Uncovering JAPA
Mitigating Flood Risk Through Smart Land Use Practice
Floodplain management, as a function of land-use policy, plays a crucial role in mitigating the growing flood risks through regulation, especially as natural disasters occur with increased frequency as a product of climate change. While there is a growing body of research on hazard mitigation plans and policies, there is a noticeable dearth of data regarding floodplain development. Consequently, there has historically been very little information about how floodplain development patterns differ from one community to another and how policies, plans, and regulations influence outcomes.
In "Growing Safely or Building Risk?", (Journal of the American Planning Association, Vol. 90, No. 1), Miyuki Hino, Todd K. BenDor, Jordan Branham, Nikhil Kaza, Antonia Sebastian, and Shane Sweeney, present substantial evidence regarding the relationship between floodplain development, geographic and socioeconomic characteristics, and local flood risk management practices.
The article examines various strategies currently employed to address floodplain development, finding patterns that indicate deficiencies and opportunities for improvement. This analysis aims to enhance the effectiveness of mitigation efforts and the avoidance of flood risk.
Assessing Floodplain Development, Risk Management
The study measured floodplain development by quantifying the amount of housing and infrastructure within the regulatory 100-year floodplain over the past two decades. Subsequently, the researchers evaluated these development outcomes against community characteristics and local flood risk management efforts.
Two key indicators were utilized to assess local flood risk management:
- Property buyouts that involved removing housing from floodplains.
- Participation in a federal program known as the Community Rating System (CRS).
The study focused on North Carolina, chosen as an excellent candidate due to its rapid population growth and susceptibility to recurrent flooding.

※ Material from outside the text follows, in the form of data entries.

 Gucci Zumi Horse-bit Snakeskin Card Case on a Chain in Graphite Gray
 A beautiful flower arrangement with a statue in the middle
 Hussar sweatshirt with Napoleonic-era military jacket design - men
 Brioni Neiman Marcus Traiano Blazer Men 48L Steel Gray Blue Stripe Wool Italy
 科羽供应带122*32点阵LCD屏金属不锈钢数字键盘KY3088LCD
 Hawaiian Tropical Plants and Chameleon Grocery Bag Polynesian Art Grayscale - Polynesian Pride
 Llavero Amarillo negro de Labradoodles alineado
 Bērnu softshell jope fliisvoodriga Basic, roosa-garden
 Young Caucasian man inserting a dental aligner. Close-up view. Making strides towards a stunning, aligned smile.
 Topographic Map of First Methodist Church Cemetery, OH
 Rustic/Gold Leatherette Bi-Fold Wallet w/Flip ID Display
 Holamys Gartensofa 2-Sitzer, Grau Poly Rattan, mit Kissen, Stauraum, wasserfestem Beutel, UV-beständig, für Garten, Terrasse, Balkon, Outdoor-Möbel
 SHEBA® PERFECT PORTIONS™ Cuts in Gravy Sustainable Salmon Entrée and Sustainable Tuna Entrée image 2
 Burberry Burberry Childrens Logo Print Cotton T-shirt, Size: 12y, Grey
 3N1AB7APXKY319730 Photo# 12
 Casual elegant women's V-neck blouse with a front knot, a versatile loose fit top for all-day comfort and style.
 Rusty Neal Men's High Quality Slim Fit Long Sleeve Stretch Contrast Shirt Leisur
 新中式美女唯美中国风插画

The state's extensive data on flood risks, coupled with a substantial track record of property buyouts, provided valuable assets for conducting research.
Throughout the study period, North Carolina faced 29 significant disaster declarations, impacting both coastal and inland communities. By examining every community in the state, the research covered a broader geographical area, offering a more comprehensive and diverse representation of communities than previous analyses.
Study Reveals Challenges in Floodplain Development
The study discovered that over 75,000 acres of vacant floodplain land are zoned for development in North Carolina, spanning 85 municipalities and counties. Despite ongoing community efforts to mitigate flood risk through property buyouts and participation in CRS, there continues to be significant development in flood-prone areas.
Throughout the 22 years under examination, statewide property buyout initiatives equated to just two to three years of new construction within floodplains. During this timeframe, 5,234 properties were bought and restored to open space, while over 59,000 parcels in floodplains were developed for residential use.
Between 1996 and 2017, the study found that 10 new residences were constructed in floodplains for every property buyout, highlighting a clear indication that existing policies and incentives are not robust enough to address the increasing frequency of natural disasters due to climate change.
Several hurdles impeding the effectiveness of property buyouts include their dependence on homeowners' willingness to sell their flood-prone land to the government and the administrative capacity of the government to carry out property buyouts.
The Community Rating System (CRS) is a voluntary program administered as part of the National Flood Insurance Program (NFIP) that establishes prices and mandates flood insurance coverage for most floodplain properties. To benefit from discounted flood insurance premiums through the CRS, communities must adopt a floodplain management ordinance that meets minimum criteria.
One of the CRS's shortcomings is that some participating governments prioritize emergency flood management over long-term planning solutions to proactively mitigate risks. This leads to a reactive, rather than a proactive response.
Additionally, federal funding typically covers most post-disaster recovery costs from major events, making it easier for communities to stay and rebuild in flood-affected areas. In essence, there's little incentive to move out of high-risk areas; it could be encouraging further development in floodplains.
Tools to Shape Floodplain Development
Local governments have various tools to shape the location and character of new development. One approach is to incorporate stringent flood-proofing requirements into local ordinances, using rule-based zoning to make development in floodplains more challenging. Alternatively, leaders can incentivize development in less hazardous areas through tax incentives.
Another effective strategy is acquiring vacant floodplain land to prevent future development altogether. In many cases, the cost of such acquisitions is lower than the damages avoided from flooding, sometimes by more than two to one.
The empirical evidence gathered from a 20-year assessment of floodplain development serves as a valuable resource for decision-makers aiming to enhance flood mitigation plans and policies. Developing evidence-based policies that promote informed, climate-responsive development is crucial for effectively addressing community flood risk, especially as extreme weather events fluctuate in frequency and severity.